Par définition, les romans de Driss Chraïbi sont en apparence un discours suivi, dont plusieurs éléments constituent la matrice de ces œuvres de fiction : un groupe social, un cas psychologique, un fait divers ou une biographie par exemple. De plus, la forme du récit est de type linéaire, une linéarité qui donne ainsi l’aspect d’une progression continue. L’originalité et la justification du choix romanesque de Driss Chraïbi sont ailleurs. En effet, afin d’user d’une expressivité littéraire maximum, le poète est devenu romancier pour générer un genre lui permettant de mêler tous les genres romanesques. C’est cette espèce de « melting-pot romanesque » qui est à la base de l’immense réussite et de la grande richesse des œuvres de cet auteur.
- La forme des discours
Le discours est essentiellement un discours narratif. Dialogues et énoncés narratifs se succèdent ainsi tout au long du roman et se chargent ainsi par exemple de rendre compte du premier événement relatif aux actes de la libération physique de la mère.
– Oui, dis-je, nous t’avons préparé une petite surprise : tu vas sortir avec nous.
– Mais… Mais ce n’est pas possible..
– Si, c’est possible, dit Naguib avec tendresse. Qu’est-ce que tu crois donc ? Pourquoi t’avons-nous acheté cette belle robe, hein ? Et ces jolis souliers, hein ? Allez, mon petit frère, prends-la par un bras, je me charge de l’autre. Tu y es ? Un, deux, trois, partez !
Nous l’entraînâmes le long du vestibule. (p. 65).

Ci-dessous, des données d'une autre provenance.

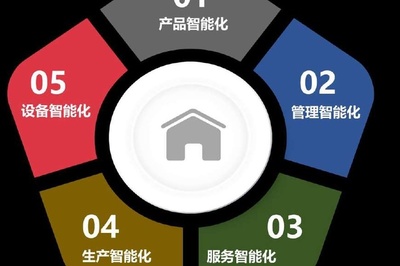 智慧社區(qū)O2O 重塑物業(yè)管理新價(jià)值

En général, on peut repérer deux sortes d’énoncés dans le roman. Tout d’abord il y a les énoncés narratifs et suggestifs qui renvoient aux gestes libres de la mère tels que : « [elle] se déplaçait sur la pelouse avec la légèreté d’un fantôme, vers le petit ruisseau » (p. 68) ou « et ma mère se déchaussant et dansant en soliste ses propres danses » (p. 87), ou encore cet énoncé : « Maman avait levé le bras (…) et moi mon drapeau immense : la marée humaine monta vers la villa » (p. 123).

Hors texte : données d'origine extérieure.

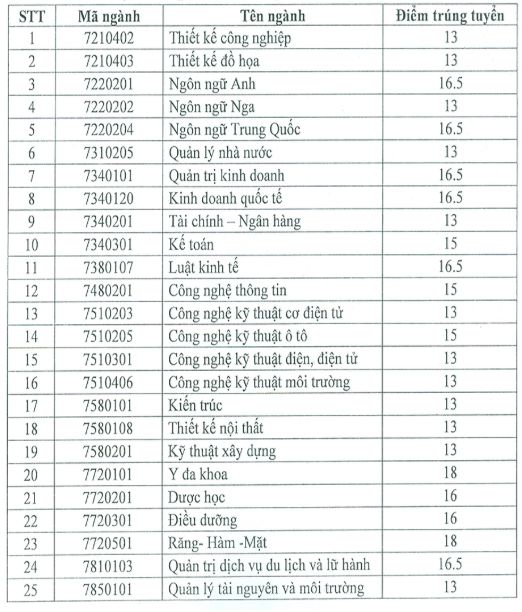 Diem trung tuyen vao Dai hoc Kinh doanh va Cong nghe Ha Noi nam 2018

Puis il y a les énoncés descriptifs et narratifs qui représentent le comportement du protagoniste, et notamment ses actes, comme l’attribut d’un individu affranchi : « elle entra pieds joints dans la société de consommation et fut une consommatrice anarchique. Elle acheta n’importe quoi. Tout ce qu’elle ne connaissait pas » (p. 94-95).
- Les registres
La tonalité joviale et la parole des personnages traduisent un registre littéraire comique. On remarque clairement l’humour de l’auteur par exemple à la page 17 du roman qui décrit le moment de la tonte du mouton : « L’animal dansait n’importe comment, sans aucun sens artistique, en s’accompagnant de bêlement si plaintifs que je cherchais autour de moi qui pouvait bien jouer de la flûte de pan. «
D’autres situations bien plus comiques sont décrites après avoir tondu et pris la laine du mouton : « … Il y avait un tas de laine dans le coffre à bois… Quand au mouton personne dans le quartier et surtout pas le boucher ne voulais l’acheter. A aucun prix. Il s’était transformé en un mustang fou furieux, avec des symptômes psychomatiques… Tout agités de tics, les yeux hors de la tête et la langue pendante, il faisait entendre une sorte de miaulement : PITIE !! PITIE !!… «
- La structure du livre
Dans notre étude de la structure du livre, nous donnerons un aperçu de la structure générale ainsi qu’au niveau de son plan tant sur la forme que sur le fonds.
- La structure générale
Le roman est un livre de poche publié en 1972 aux éditions Folio. Il est composé de 184 pages et la page de couverture affiche l’image d’une femme maghrébine habillée en bleu turquoise et le visage non voilé. Derrière elle, en arrière plan il y a des hommes habillés de tunique blanches et de turbans orange. Au dessus de cette photo de couverture sont écrits le nom de l’auteur ainsi que le titre du roman.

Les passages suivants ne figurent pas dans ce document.